This question haunted my childhood. People would see my mother and then see me and ask me if I were adopted. I mean, I was a brown kid and my mom is super pale. This inevitably resulted in me needing to explain that my dad is black and my mom is white and that’s why I am the way I am.

I remember filling out forms at school and you would inevitably get to the part where it asks your race. In those dark ages of the late 90s, it would say “check one”. I would look up and down for the “mixed” or “multiracial” option but alas, it was never there. This forced me to decided whether I wanted to be “black” or “white”.

I begin doing mental calculus to figure out which race I should choose for today. Perhaps one is more advantageous than the other in a given situation. It did upset me though as I couldn’t be who I wanted to be. I had to be who they wanted me to be. I had to choose a race to identify as.

Eventually I just stopped caring and marked both black and white. I know it said “check one” but hey, what are they going to do about it? I am simply writing the truth, not my fault that their forms are behind the times.

As I got older, I began to realize, this was more than just forms and uncomfortable questions. This was indicative of how society viewed race and identity.

People like me shouldn’t exist.

That’s the message I was getting. There weren’t a ton of people like me in the media. I cannot acknowledge that I exist as a multiracial individual on government forms. Now in the year 2000, the US Census finally allowed people to identify as one or more races but not everyone got the memo. My high school still required you choose only one race on a form in the mid 2000s.

In the late 2000s, as we are talking about possibly electing the first black and first mixed president, my university sends a campus wide email saying that the forms have been updated and we can now choose one or more races on the form. This was great because as we all know, Mixed people didn’t come into existence until 2008 (he said sarcastically).

Roughly around this time, someone I used to respect told me that it was essentially a sin to miscegenate. This coming from an evangelical Southern Baptist man. He was so certain that God would punish people for marrying outside their race. This was (unfortunately) a very common belief.

Pastors used to speak about the sins of interracial marriage. Bob Jones University, a prominent Christian university, banned interracial dating on campus until the year 2000. It was an offense punishable by expulsion.

The idea of being with someone from another race was terrible for a large portion of the country. “You will destroy our tradition”, “you will destroy the American family” and more. The existence of multiracial or mixed individuals was a major taboo.
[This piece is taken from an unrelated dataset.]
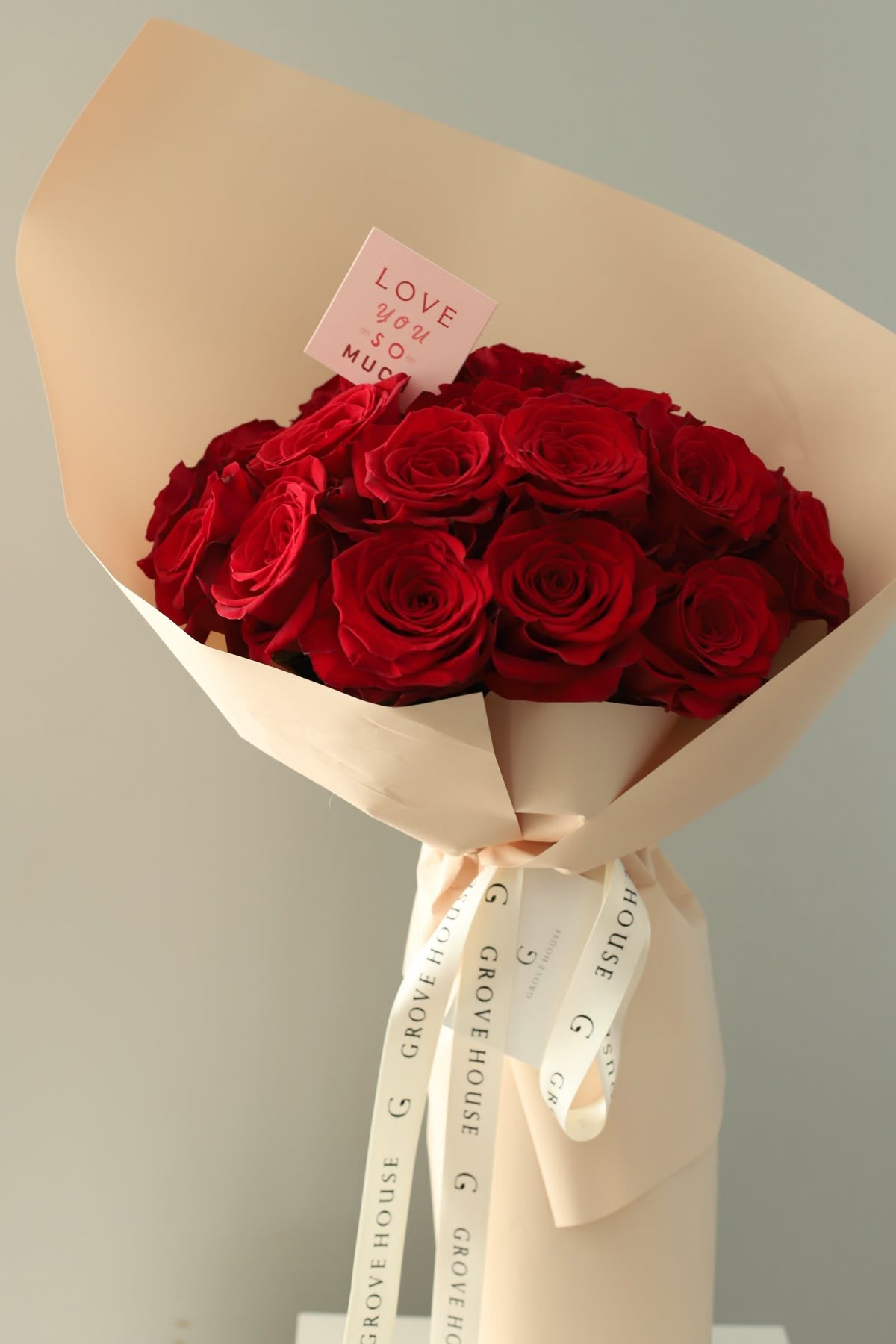 Flowers Bouquet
I also want to be very clear, this isn’t a solely white problem. All races have demonstrated some form of bigotry towards mixed relationships. I have been out with a Korean whose parents were upset that I wasn’t one. You can watch The Big Sick where Kumail Nanjiani speaks about his traditional Pakistani American family having issue with him being involved with a white girl.

But things are changing.

I wasn’t going to leave on bad news. During Thanksgiving week, I spent a lot of time sitting and watching Hulu, catching up on shows. I noticed something when watching commercials. There were a lot of interracial couples and no one cared. It wasn’t one of those “Hey, look at how woke we are, we have a mixed race couple on TV”. They just treated the relationship like it was any other relationship.
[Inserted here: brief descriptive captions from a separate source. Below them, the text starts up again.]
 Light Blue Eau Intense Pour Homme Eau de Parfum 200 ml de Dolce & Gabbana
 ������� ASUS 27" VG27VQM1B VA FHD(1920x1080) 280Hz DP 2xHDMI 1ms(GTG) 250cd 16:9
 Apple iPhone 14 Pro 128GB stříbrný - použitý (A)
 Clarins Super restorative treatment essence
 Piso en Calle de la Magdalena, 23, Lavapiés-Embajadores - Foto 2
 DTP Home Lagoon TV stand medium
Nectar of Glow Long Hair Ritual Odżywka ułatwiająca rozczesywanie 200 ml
It wasn’t that long ago (2013) when Cheerios created a commercial featuring a mixed race family. Unfortunately, it drew in a lot of racist responses. I am certain the commericals we see today get some kind of hate but the fact that they still make them shows that we as a collective are moving forward. There will always be people who lag behind because of their broken views of the world but we can’t let that hold us back.

Pew research shows that one-in-seven babies born in 2015 was mixed race. That’s about 14% of all new babies. This means that within a few generations, mixed people will be the norm.

There will likely be a future where my kids don’t have to deal with the same BS I had to deal with. We still have a ways to go, absolutely. But we are making headway!